The latest domestic energy boom is sweeping through some of the nation’s driest pockets, drawing millions of gallons of water to unlock oil and gas reserves from beneath the Earth’s surface.
Hydraulic fracturing, or the drilling technique commonly known as fracking, has been used for decades to blast huge volumes of water, fine sand and chemicals into the ground to crack open valuable shale formations.
But now, as energy companies vie to exploit vast reserves west of the Mississippi, fracking’s new frontier is expanding to the same lands where crops have shriveled and waterways have dried up due to severe drought.
In Arkansas, Colorado, New Mexico, Oklahoma, Texas, Utah and Wyoming, the vast majority of the counties where fracking is occurring are also suffering from drought, according to an Associated Press analysis of industry-compiled fracking data and the U.S. Department of Agriculture’s official drought designations.

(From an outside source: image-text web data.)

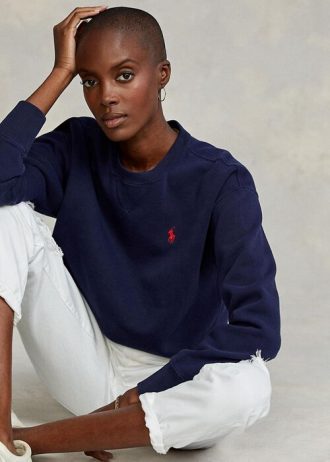 Marineblaue Ralph Lauren Fleece-Pullover-Sweatshirts für Damen
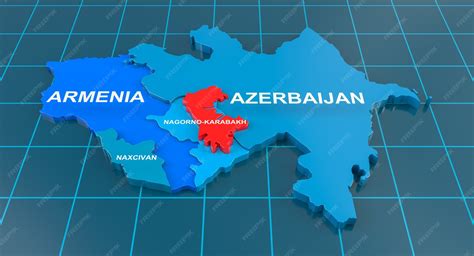 Armenia-azerbaijan conflict in nagorno-karabakh on 3d geographic map. 3d rendering | Premium Photo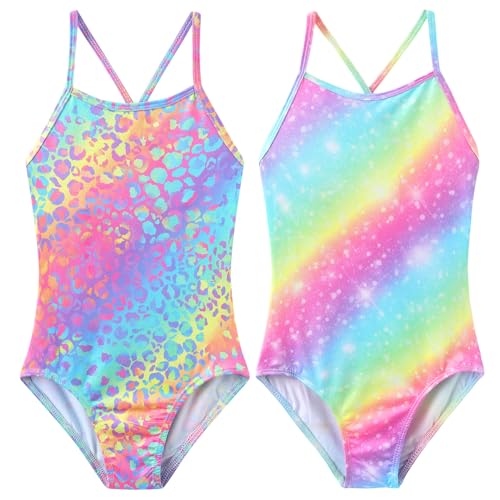 Image of iLover Girls Sparkle One Piece Swimsuits Crossback Swimwear Beach Bathing Suit with Adjustable Strap 4-10 Years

While fracking typically consumes less water than farming or residential uses, the exploration method is increasing competition for the precious resource, driving up the price of water and burdening already depleted aquifers and rivers in certain drought-stricken stretches.
Some farmers and city leaders worry that the fracking boom is consuming too much of a scarce resource, while others see the push for production as an opportunity to make money by selling water while furthering the nation’s goal of energy independence.
Along Colorado’s Front Range, fourth-generation farmer Kent Peppler said he is fallowing some of his corn fields this year because he can’t afford to irrigate the land for the full growing season, in part because deep-pocketed energy companies have driven up the price of water.
“There is a new player for water, which is oil and gas,” said Peppler, of Mead, Colo., who also serves as president of the Rocky Mountain Farmers Union. “And certainly they are in a position to pay a whole lot more than we are.”
In a normal year, Peppler said he would pay anywhere from $9 to $100 for an acre-foot of water in auctions held by cities with excess supplies. But these days, energy companies are paying some cities $1,200 to $2,900 per acre-foot. The Denver suburb of Aurora made a $9.5 million, five-year deal last summer to provide the oil company Anadarko 2.4 billion gallons of excess treated sewer water.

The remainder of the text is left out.